What do you think it revealed to him? A deep gravel-pit right in his way, and into which another step would have hurled him! One step more, and you, little reader, would never have read this paper, simply because it never would have been written. One step more! think of that. How near destruction, yet how utterly unconscious of it One step more, and plunging headlong into the deep gravel-pit, bruised and crushed to death, “the Lost” one would have been killed outright. But the light shining just in time saved him; and, turning instantly from the way he had pursued, he reached his home in safety.

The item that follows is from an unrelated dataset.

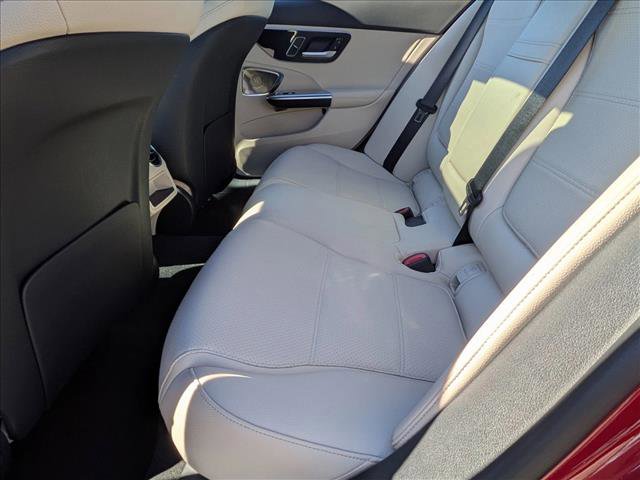 Used 2024 Mercedes-Benz C 300 Sedan image 19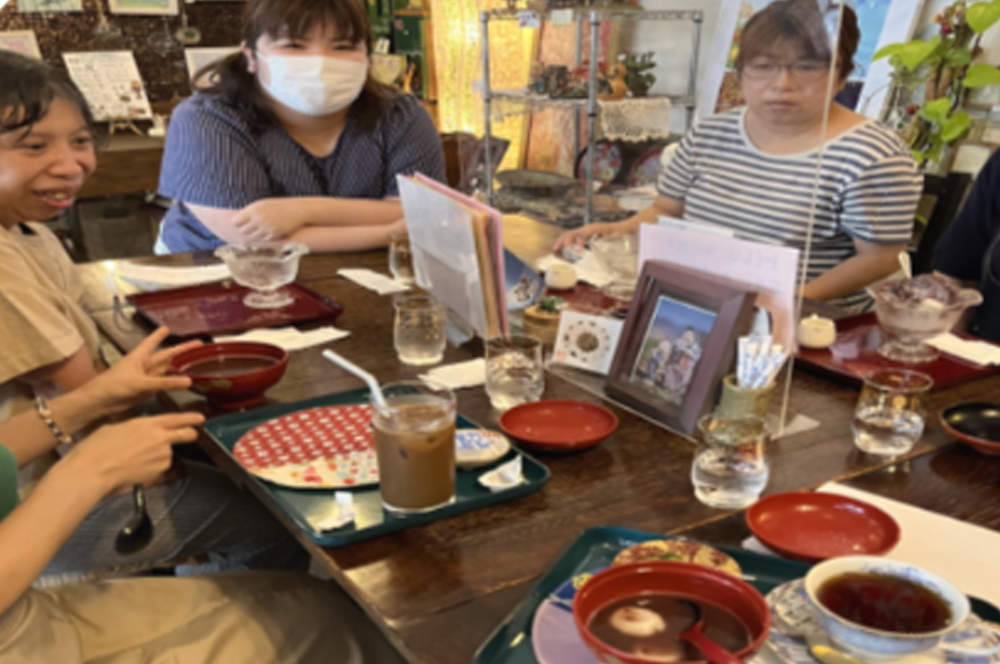 サロン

Now, little reader, you know that “God made man upright.” He set him in the pleasant paths of innocency. The sweet smell of Eden’s flowers was all around him; Eden’s joys, Eden’s happiness were his. But, more than all else, the gracious God who had created him and all things, and then, as if to show his love, “planted a garden” for him (was not that kind?), was his God. But Adam transgressed; he turned from the pleasant paths of innocency; he went aside from God; he took the darksome way of disobedience; and ever since, man (you and I, and every one) has been by nature on the pathless common of this world’s ruin. Darkness has settled down upon him he knows not whither he is going his only natural guide, the only guide lie naturally follows, is his own heart, and that points him on the exact road to everlasting destruction; until “the light of the knowledge of the glory of God” breaks upon his darkened understanding, he is going straight to ruin. Little reader, where are you going? If you are following the guiding’s of your own heart, you are in danger. One step more would have hurled the writer into death. One step more, and where may the reader be? Ask your parents. If they are Christians, they will be able to tell you at once whether you are in the way of everlasting life, or in “the paths of death.” If they are not believers, your question, and the awful thought of your danger, may arouse their attention to think of their own. Therefore ask them. “God, who commanded the light to shine out of darkness, hath shined in our hearts, to give the light of the knowledge of the glory of God in the face of Jesus Christ.” Has that light shined in your heart? If not, you are in danger. If not, it is because you have not looked to Jesus Christ. “Look unto me, and be ye saved,” says the Lord. Have you done so? Do you say “I don’t know”? Then you are in darkness; the pit is right in the path you are treading; don’t go on another day, don’t take another step till the Light shines. Do you think the writer would have gone on, if he had known there was a gravel-pit right in his path? No; he would have waited for light. Jesus said, “I am the Light of the world: he that followeth me shall not walk in darkness, but shall have the light of life.”